Ich erinnere mich an ein T-Shirt mit dem Aufdruck „Adolf Hitler European Tour 1939-45“, mit dem ein britischer Tourist (Typ langhaariger Metaller) am Chinesischen Turm saß und das wegen seiner offensichtlich absolut gewollten politischen Unkorrektheit allgemein für „grenzwertig cool“ befunden wurde. Ich erinnere mich aber auch an alerte, geschniegelte und straff frisierte Durchstarter aus der (gefühlten) FDP-Jugend in Gucci-Anzügen, die ständig irgendwas von ihren „Brokern“ erzählten, ausschauten wie die moderne Wiedergeburt der mittleren NSDAP-Elite, mit 21 Millionär waren und mit 23 pleite gingen, um sich dann dem Buddhismus (Haidhausener Spielart) zuzuwenden und auf „arbeitsscheues Gesocks“ zu schimpfen. Ich erinnere mich an kahlrasierte BWL-BMW-Boliden mit aufgeblähten Muskelkugeln und SA-Fressen, die in „alternativen“ Kellerclubs als Türsteher fungierten. Es war ein Seiltanz. Die einen wollten provozieren, die anderen meinten es ernst mit „Hitler on Tour“, und wieder andere bekamen vielleicht gar nicht mit, wie ernst sie es meinten und was sie da verkörperten.

Das alles nur zur Einstimmung. Der Seiltanz endete nämlich, indem sich der „Zeitgeist“ wendete und sozusagen die Spreu vom Weizen trennte: Ab 1995 war in 34 deutschen Städten die Ausstellung „Vernichtungskrieg. Verbrechen der Wehrmacht 1941 bis 1944“ zu sehen und sorgte für einigen Aufruhr, aber auch dafür, daß Schluß war mit ironischem Geplänkel und halbseidenen Provokationen.
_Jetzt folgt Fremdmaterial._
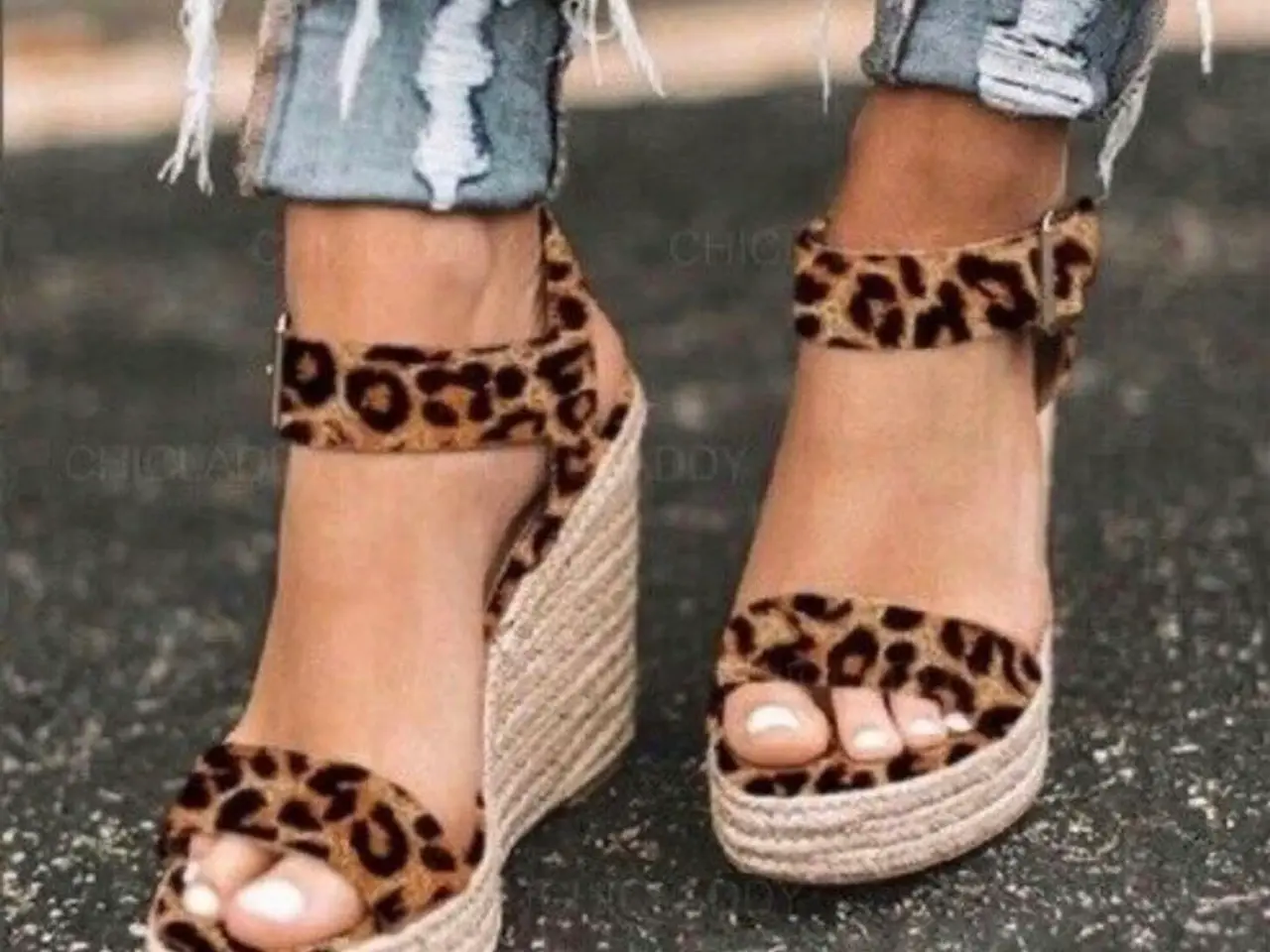 Billede 2 - 2 par wedges sandaler i leopard og sand farvet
Plötzlich gab es richtige Nazis, die glaubten, die Ehre ihrer kriminellen Großväter schützen zu müssen, die fünfzig Jahre zuvor nach Osten aufgebrochen waren, um Juden, Russen und andere „Untermenschen“ auszurotten, und die man nach ihrem glücklicherweise verlorenen Krieg nie wirklich strafrechtlich belangt hatte, weil sie ja bloß einen ganz normalen Krieg geführt und sich dabei anständig aufgeführt hätten. Jetzt sah man das grauenhafte Elend, das schreiende Ausmaß der Menschheitsverbrechen bildlich vor sich und wollte es nicht wahrhaben.
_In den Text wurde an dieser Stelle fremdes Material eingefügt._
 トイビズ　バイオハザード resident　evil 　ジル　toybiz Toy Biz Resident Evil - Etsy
Dagegen formierte sich der Unmut der unbelehrbaren Söhne (und einiger Töchter). Manche fürchteten um das Ansehen der Wehrmachtsnachfolgerin Bundeswehr, die man schließlich brauchte, um den Krieg gegen den Russen irgendwann zu Ende zu bringen. Andere zogen empört durch die von der Ausstellung betroffenen Städte, grölten „Hier marschiert der nationale Widerstand!“ und wollten diesen Krieg gegen das jüngst vom Kommunismus befreite „Untermenschentum“ am liebsten sofort wiederaufnehmen und das linke Gesindel im eigenen Land gleich mit ausmerzen. Zur Unterstützung dieser erwachten Deutschen ließ Peter Gauweiler in München 50.000 Flugblätter verteilen und mußte sich dafür Goebbels-Vergleiche gefallen lassen, während Angehörige des alten und neuen Geldadels die Tageszeitungen mit großformatigen Anzeigen tapezierten, um die „Ehre“ des „ehrlichen, anständigen und treuen“ deutschen Soldaten hochzuhalten.
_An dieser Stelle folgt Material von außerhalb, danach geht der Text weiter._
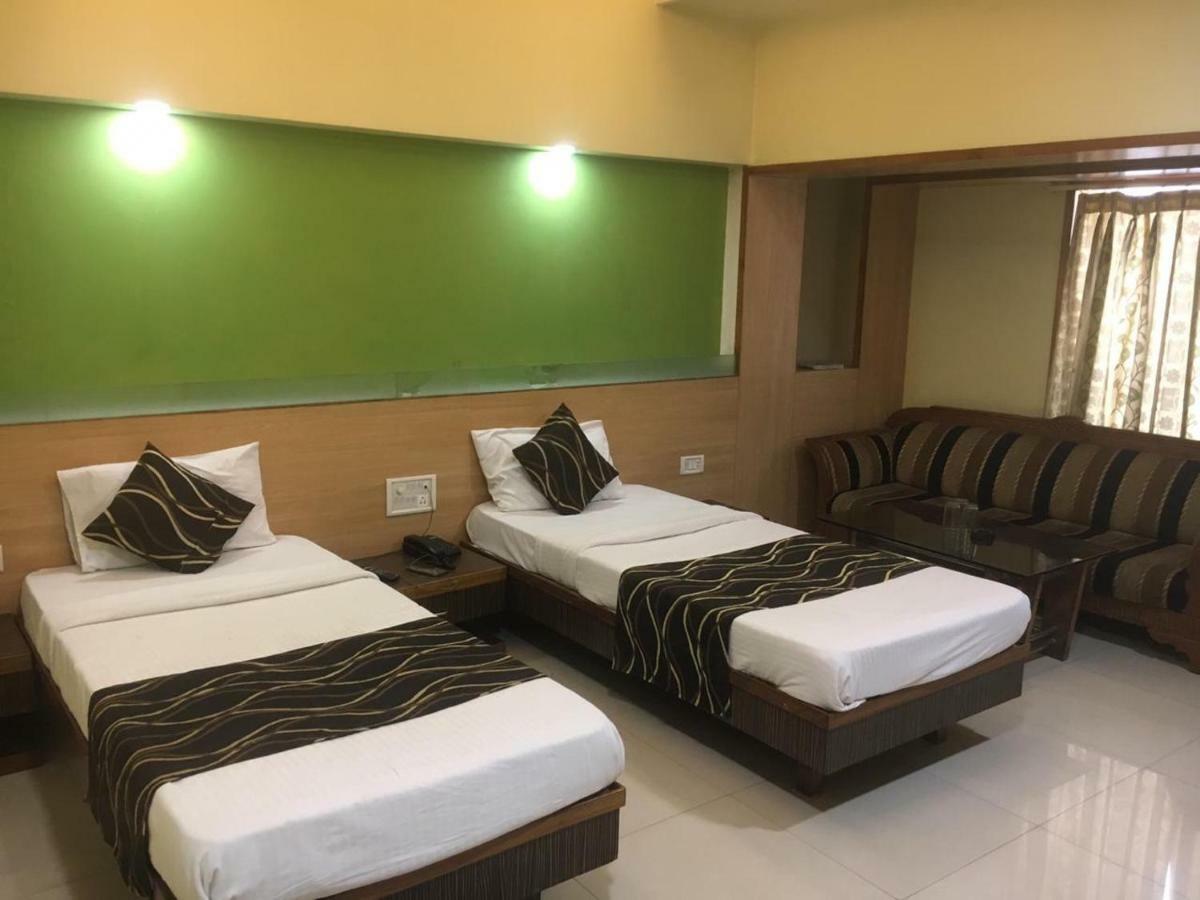 Hotel Poonam Rāipur Extérieur photo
Am 24. Februar 1997 demonstrierte ein „Anti-Diffamierungs-Komitee“ vor dem Münchner Rathaus gegen die Eröffnung der Ausstellung. Am 1. März stand ich selbst am Marienplatz und hörte das Gebrüll aus dem Tal, von wo 5.000 Nazis anmarschierten, um zur Feldherrnhalle zu gelangen und – vermutlich – ihrer „alten Kameraden“ vom Hitler-Putsch am 9. November 1923 zu gedenken. Der Zug scheiterte an der Masse der Gegendemonstranten, obwohl die Polizei mit „ehrlicher, anständiger und treuer“ Knüppelarbeit versuchte, ihm den Weg zur Traditionskultstätte zu ba(h)nnen.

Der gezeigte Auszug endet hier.